Timber Procurement Policy Would Save Ghana’s Forests—Gov’t Told

By Theodore M. Viwotor
Timber Procurement Policy Would Save Ghana’s Forests—Gov’t Told
LISTEN JUL 1, 2020

A Principal Operations Officer of the Public Procurement Agency (PPA), Mr. Francis Ayittey, is urging government to consider the proposed Public Procurement Policy on Timber and Timber Products (PPP) on Legal wood, to save Ghana’s forests from extinction.

Mr. Ayittey, who was speaking at a Stakeholders’ Discussion on the proposed PPP, organized by the Nature and Development Foundation (NDF), argued that, fears of contract cost going up as a result of the policy, are allayed by the numerous benefits the nation can derive as a result of conservation and sustainability of wood supply.

“Though prices may go higher as a result of the policy, it may end up being beneficial in the long term,” Mr. Ayittey reiterated, adding that, “all relevant sectors in the wood and timber industry must be roped in to understand the Procurement Policy.”

“The long-term advantages far outweigh the short-term disadvantages in rise in price. Environmental benefits to the country and the sustenance of the forest for future generation make the policy worth it.”

He was of the view that, the policy would guarantee wood on the market for a long time, sustaining the businesses of those who depend on the commodity.

The policy seeks primarily to get government to implement a system of procurement that only accepts legal wood for public works, as a first step towards making legal wood the only acceptable wood on the market.

Industry players are of the view that, if government adopts this policy, it would then be feasible to impose it on the private sector, thus ensuring that Ghana’s forests are sustained for the future generations.

The proposal had been presented to Cabinet but some concerns were raised on issues that needed to be clarified.

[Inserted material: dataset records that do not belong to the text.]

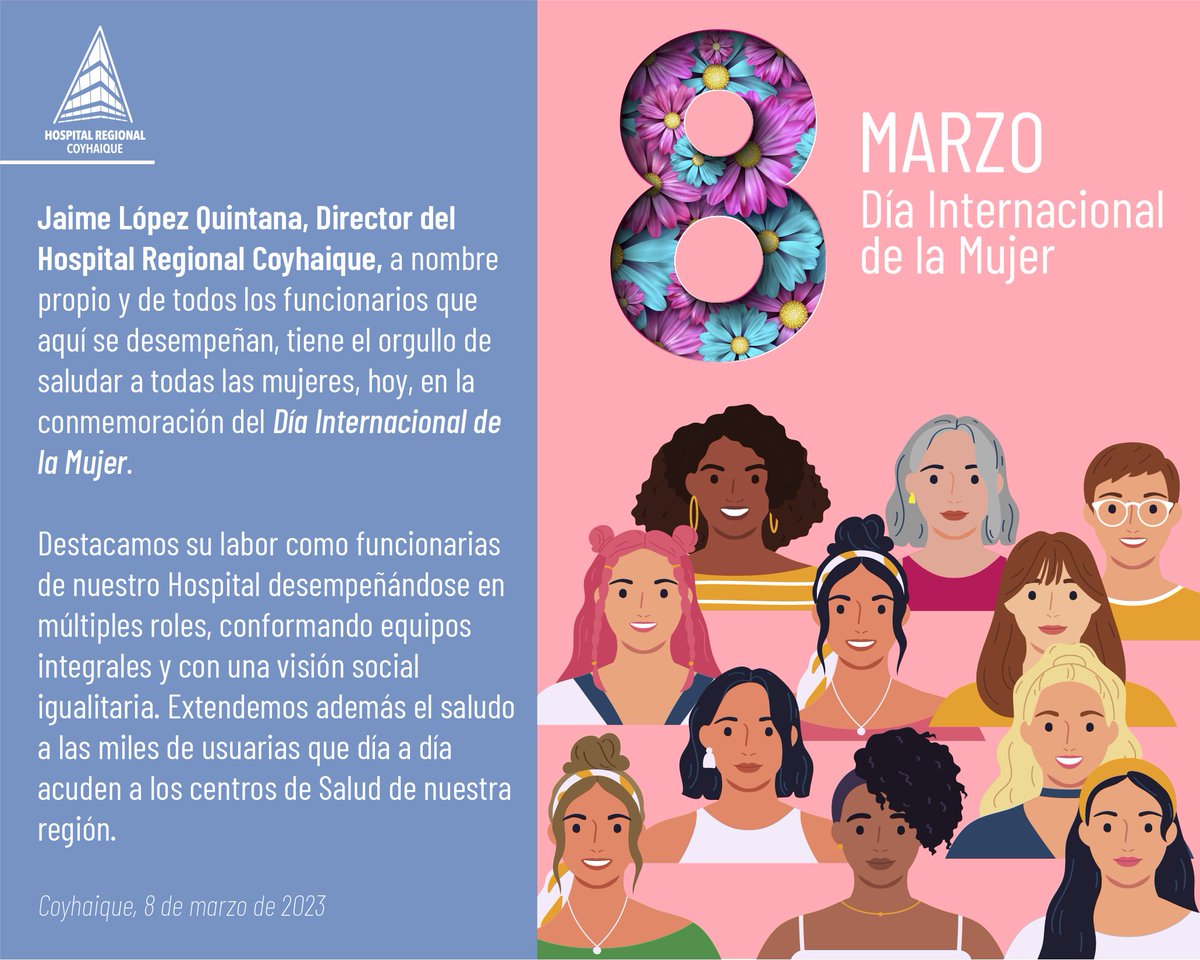 Como la institución que reúne a la mayor fuerza laboral femenina en la región d Aysén, con más de 700 mujeres trabajadoras, este #8M como 
<a href="/HospitalCoyhaiq/">Hospital Regional Coyhaique</a>
 extendemos nuestro saludo a todas nuestras funcionarias, y a las más de 11 mil mujeres de Aysén 💪💪💪
#ChileParaTodas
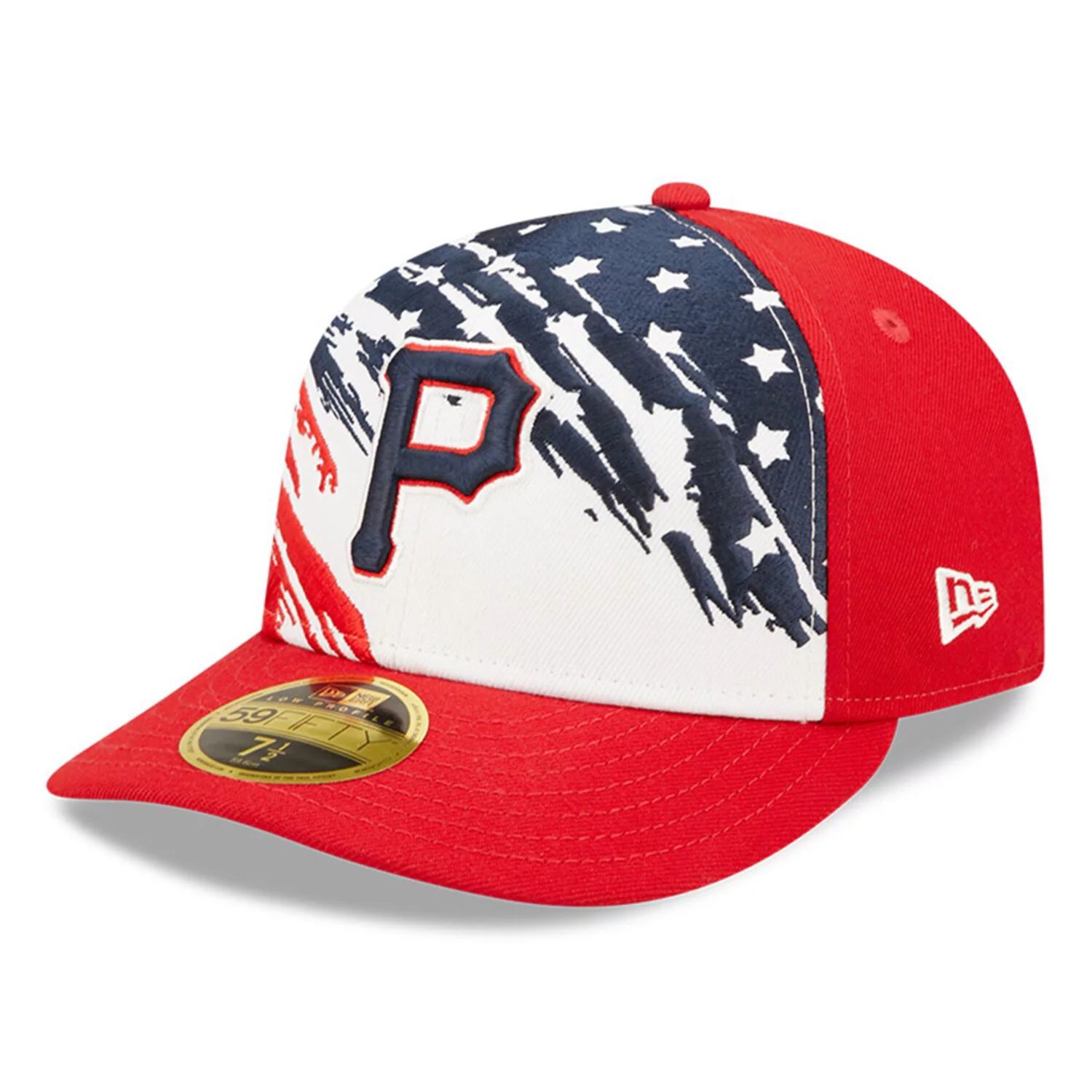 

Мужская низкопрофильная кепка New Era Red Pittsburgh Pirates 2022, 4 июля, 59FIFTY, облегающая шляпа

According to Mr. Musa Abu Juam of the Ministry of Lands and Natural Resources, Cabinet raised issues with the possibility of raising the cost of contracts, since legal wood is often more expensive than the illegal one.

He noted that it was one of the concerns that led to government delaying in the acceptance of the policy.

This concern, though legitimate, is addressed by the fact that, cumulatively, the advantages far outweigh the disadvantages.

Nature and Development Foundation (NDF), with support from the European Union (EU) on the “Strengthening the Capacity of Non State Actors (NSA) to improve FLEGT and REDD+ Processes in West Africa’’ project and UKaid on the “Building Capacities of Small-Medium Forest Enterprises (SMFEs) in Ghana and Liberia to Supply and Trade in Legal Timber” project, is spearheading the campaign to get Cabinet to accept the Public Procurement Policy on Timber and Timber Products for onward enactment by Parliament.

The document is the outcome of consultation with various stakeholders in the wood and timber industry such as the Forestry Commission (FC), the Forest Services Division (FSD), domestic wood traders associations, among others.